Admit it: quite a few of you are rocking this look lately. It's what we wear after we drop our children at college. I put on an Academy-Award-worthy performance of bravery when actually in the presence of my child. It was after I left her dorm room that I completely lost it. I cried so hard that my throat ached and I had to gasp for air. I walked away from my husband, not because I didn't want him to see me cry, but because I didn't have enough Kleenex to share in case he melted down, too.

When I stopped crying, I realized that our younger two children will need to go to one of the colleges within an hour's drive of our home. There is no way I can do that again.

The thing is, Eldest Daughter is happy. She got into her first choice school. Her roommate is super sweet and they seem well-suited for each other. Except for Fridays, her classes don't start until 11am. She hit the jackpot on the dorm; she's in a 1930s building which was renovated a year ago and which is connected to the student union. This means that during the most miserable of Michigan blizzards she can wear flip flops to get Panda Express and a grande quad nonfat one pump no whip mocha. This weekend she went to some fraternity parties and a football game at The Big House. This is what we hope for.

Classes start tomorrow. I wonder if she will shoot a selfie on the way out the door just because it's tradition.


Tuesday, June 21, 2016

Forever on the first tee

It's hard for me to imagine a world without Margo. But here we are.

Margo and Dave were close friends for 28 years. They met at his first job out of college and their friendship would span three marriages, a whole lot of now-defunct-or-acquired startups, dozens of bottles of really good red wine, and countless rounds of golf. Dave officiated at her wedding to Dennis, on the 18th green at Pebble Beach.

She and Dave were in constant competition for the #1 sales spot at whatever company they both worked for. Because of this we traveled to Palm Springs, Cabo and Puerto Rico together. She taught us the expression "closing skirt." That, apparently, got her husband's attention as he started out as a customer.

Margo wore a hat to our wedding, many hats while golfing, but no helmet the weekend we skied at Kirkwood. The last hat she wore was of the Penguin variety, with a serving of dry ice.

Six years ago she called Dave and told him that she had just been laid off from her job. While that was bothersome, what really irked her was the diagnosis she'd just received of breast cancer.

If anything, that diagnosis made Margo work harder. She started a new business, traveled even more, and thought of her cancer only when she absolutely had to. As she put it, "It's a book on my bookshelf. I take it down when I have to and then I stick it right back up there."

I could write on and on about her entertaining, because it was legendary. Dave's birthday. Seth and Lori's anniversary. Dennis' 50th birthday at Lake Tahoe. Christmas parties in the San Carlos hills house with the tree on a turntable which so brightly that it could be seen from space. Or at least from the approach to SFO. Regular 'ole dinners at her house were special occasions.

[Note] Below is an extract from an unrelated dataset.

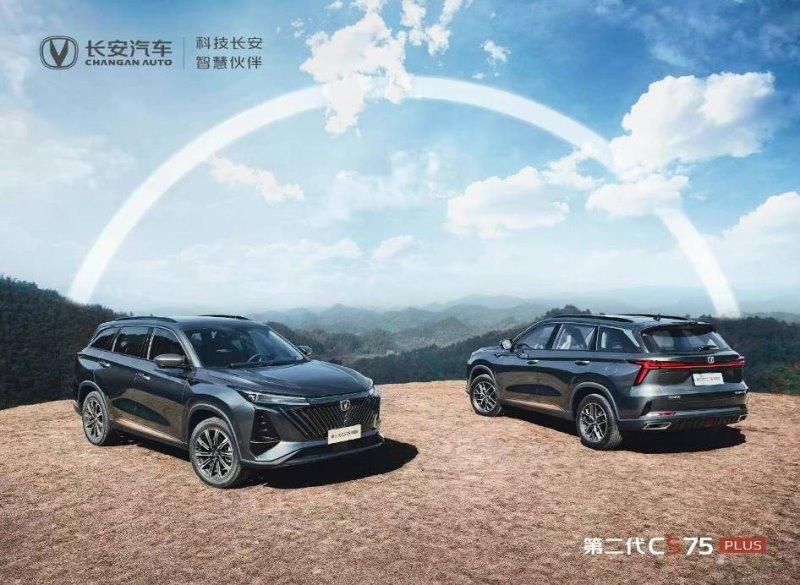 长安汽车销量向上不止,自主品牌未来可期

However, what stays with me most are the little things that make up a whole person -- how much she loved her dogs and loved sharing them with my animal-passionate daughter. How she was so excited for Dave to meet Dennis, who was so sweetly nervous that he spilled a drink all down his shirt. How much thought she gave to decorating her stepson's room in their house.

The memories of Margo come to me at odd times. They surprise me and I have to stop to catch my breath. Yesterday I saw a picture of the Musee D'Orsay on Facebook, a place Margo and I have been together. Today Camp Parks was all over the news because it was on lockdown; Margo dragged us to look at houses near there perhaps 20 years ago. (She conveniently neglected to mention the women's prison there. We passed on those houses.) Never again will I be able to eat bucatini without thinking of the day we shared a plate of it in the pouring rain.

 I am grateful for Margo for bringing Dennis into our life. Godspeed, Dennis. We are right alongside you.